What do you visualize when you read words such as “person,” “people” or “individual”? Chances are the image in your head is of a man, not a woman. If so, you are not alone. A massive linguistic analysis of more than half a trillion words concludes that we assign gender to words that, by their very definition, should be gender-neutral.
Psychologists at New York University analyzed text from nearly three billion Web pages and compared how often words for person (“individual,” “people,” and so on) were associated with terms for a man (“male,” “he”) or a woman (“female,” “she”). They found that male-related words overlapped with “person” more frequently than female words did. The cultural concept of a person, from this perspective, is more often a man than a woman, according to the study, which was published on April 1 in Science Advances.
To conduct the study, the researchers turned to an enormous open-source data set of Web pages called the Common Crawl, which pulls text from everything from corporate white papers to Internet discussion forums. For their analysis of the text—a total of more than 630 billion words—the researchers used word embeddings, a computational linguistic technique that assesses how similar two words are by looking for how often they appear together.
“You can take a word like the word ‘person’ and understand what we mean by ‘person,’ how we represent the word ‘person,’ by looking at the other words that we often use around the word ‘person,’” explains April Bailey, a postdoctoral researcher at N.Y.U., who conducted the study. “We found that there was more overlap between the words for people and words for men than words for people and the words for women..., suggesting that there is this male bias in the concept of a person.”

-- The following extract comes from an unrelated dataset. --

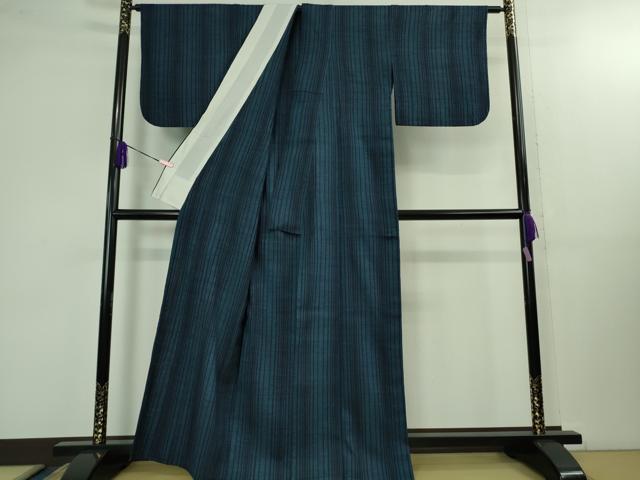 平和屋本店▽極上 浦野理一 経節紬 単衣 間道 逸品 DZAB1383kh5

Scientists have previously studied gender bias in language, such as the idea that women are more closely associated with family and home life and that men are more closely linked with work. “But this is the first to study this really general gender stereotype—the idea that men are sort of the default humans—in this quantitative computational social science way,” says Molly Lewis, a research scientist at the psychology department at Carnegie Mellon University, who was not involved in the study.
The researchers also looked at verbs and adjectives commonly used to describe people—for example, “extrovert”—and found that they were more tightly linked with words for men than those for women. When the team tested stereotypically gendered words, such as “brave” and “kill” for male individuals or “compassionate” and “giggle” for female ones, men were associated equally with all of the terms, while women were most closely associated with those considered stereotypically female.
This finding suggests that people “tend to think about women more in gender-stereotypical terms, and they tend to think of men just in generic terms,” Bailey says. “They’re thinking about men just as people who can do all kinds of different things and thinking about women really specifically as women who can only do gender-stereotypical things.”
One possible explanation for this bias is the gendered nature of many supposedly neutral English words, such as “chairman,” “fireman” and “human.” A way to potentially counteract our biased way of thinking is to replace those words with truly gender-neutral alternatives, such as “chairperson” or “firefighter.” Notably, the study was conducted using primarily English words, so it is unknown whether the findings translate to other languages and cultures. Various gender biases, however, have been found in other languages.
While the bias of thinking “person” equals “man” is somewhat conceptual, the ramifications are very real because this tendency shapes the design of the technologies around us. Women are more likely to be severely injured or die in a car crash because when car manufacturers design safety features, the default user they envision (and the crash dummy they test) is a male individual with a heavier body and longer legs than the average woman.
Another important implication has to do with machine learning. Word embeddings, the same linguistic tools employed in the new study, are used to train artificial intelligence programs. That means any biases that exist in a source text will be picked up by such an AI algorithm. Amazon faced this problem when it came to light that an algorithm the company hoped to use to screen job applicants was automatically excluding women from technical roles—an important reminder that AI is only as smart, or as biased, as the humans who train it.